I find myself not being left or right politically. But also, I do not classify myself as someone who is in the middle as a moderate. My worldview, my perspective on life, comes from a different place altogether, that shapes not only my politics, but most everything in life.
Thomas Groome, has defined politics or political activity as something that we do intentionally and deliberately. He wrote, “I in understand political activity to be any deliberate and structured intervention in people’s lives which attempts to influence how they live their lives in society” (Groome, 1980, Christian Religious Education, p. 15). By this he is not advocating for some kind of Christian nationalism, but rather, how we live out our lives in society – how we interact with others, how we support and engage with one another. It depends, though on what kind of education is being expressed.

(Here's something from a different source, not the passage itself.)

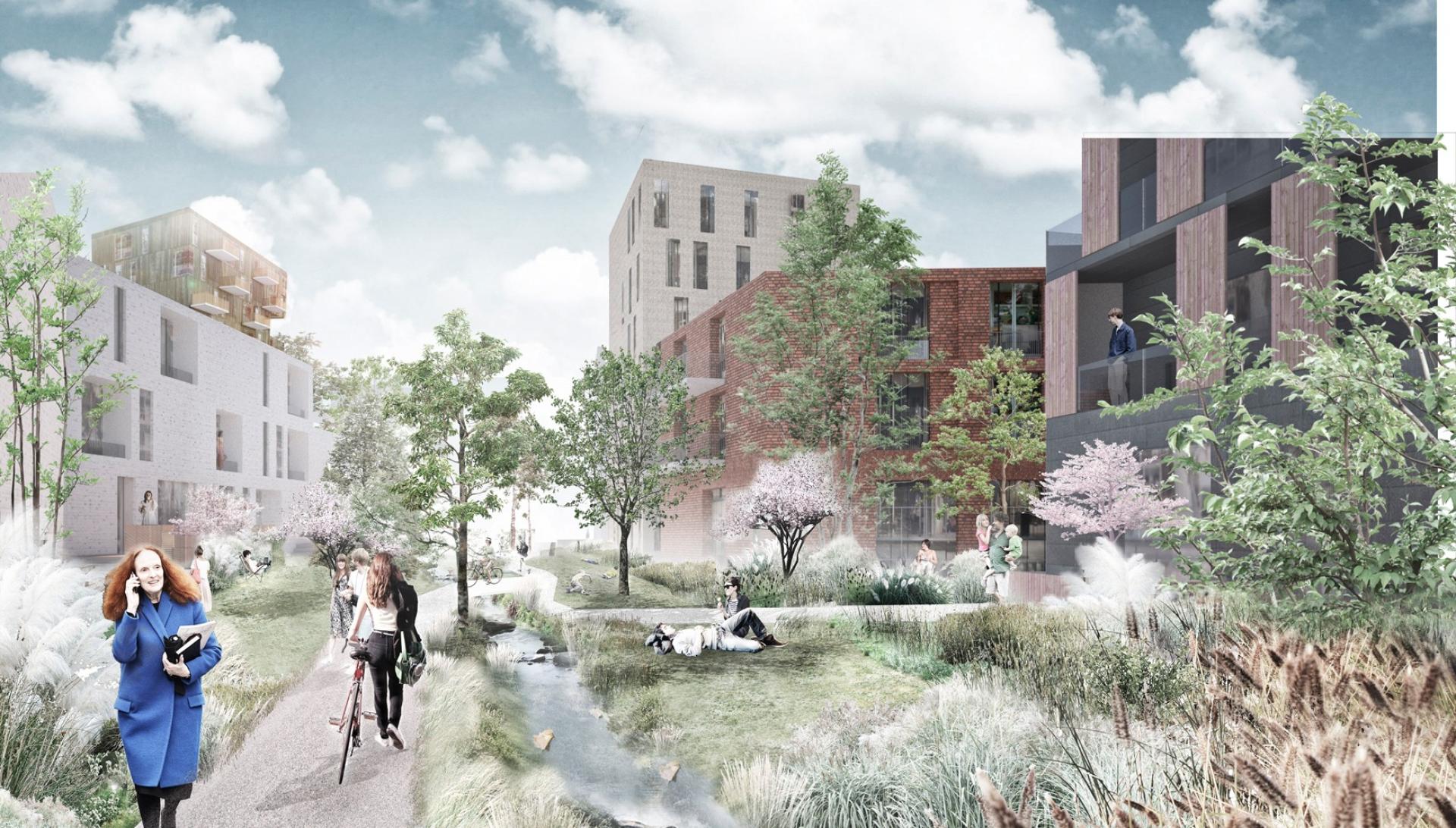 Søndre Havn er karakteriseret af grønne områder mellem byggerierne, almindinger, der både fungerer som klimasikring og grønne oaser i byområdet. Visualisering: Tegnestuen Vandkunsten.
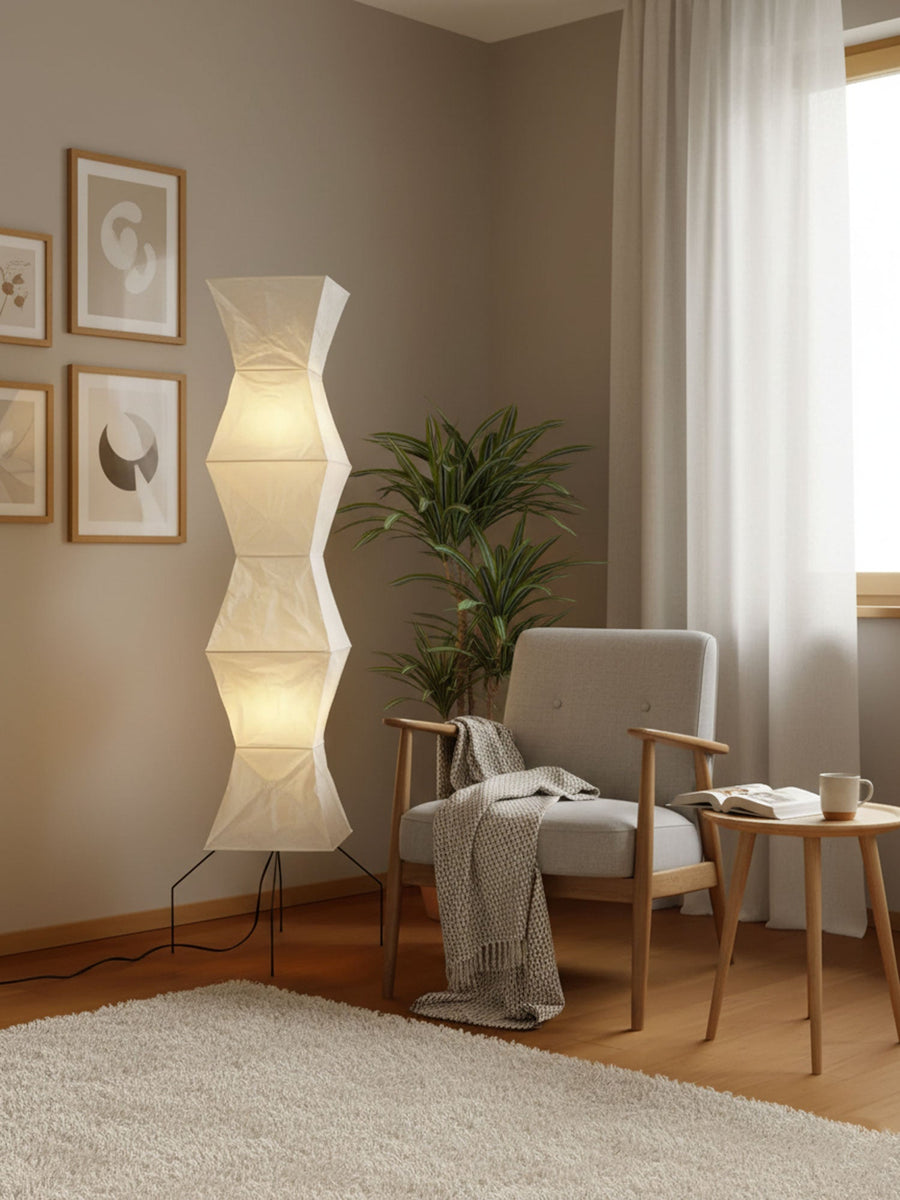 Rice Paper Floor Lamp with Soft Glow Lighting-Lighting > Floor Lamps-casanuva-casanuva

Groome in defining the nature of Christian religious education expresses that its purpose is for leading people out to the kingdom or reign of God as it is expressed through the preaching and teaching of Jesus Christ. We discover in reading Matthew account of Jesus’ Sermon on the Mount that he expresses, “Seek first the reign of God and God’s righteousness” (6:33). When we realize that the reign that Jesus has in mind is the shaping of peoples’ lives to be aligned to the things of God, to what matters to God, then we realize we are being called to be advocates for peace, to recognize that living life embraces a reliance upon God, and loving one’s enemies, we realize the reign of God challenges all the kingdoms and empires of this world.
We tend to live our lives on continuums and describe our worldviews as being on one end of a continuum or the other. The reason for this is that most continuums have polarizing endpoints, and for the most part we express our identities by aligning ourselves in relation to one side of the continuum or the other – rarely finding middle ground with others.
However, in seeking to be a disciple of Christ, I have come to discover time and time again, that I have been called to walk, not on a continuum, but on a different pathway – one where I walk with Christ, who holds my life together (see Colossians 1:17). When Christ declared, “Repent, for the reign of God is at hand,” he was not so much making a religious statement, as he was making a worldview statement – what our purpose in life is to be, how we go about living our lives. Jesus was declaring that where we as people look for life along various continuums, that, in reality, we will not discover along them the fullness of our humanity. Our being humane with one another cannot be found on the majority, if not all, of the continuums which offer are available to us. Rather, Jesus invites us to look to him – not to a different continuum, but rather a different path altogether.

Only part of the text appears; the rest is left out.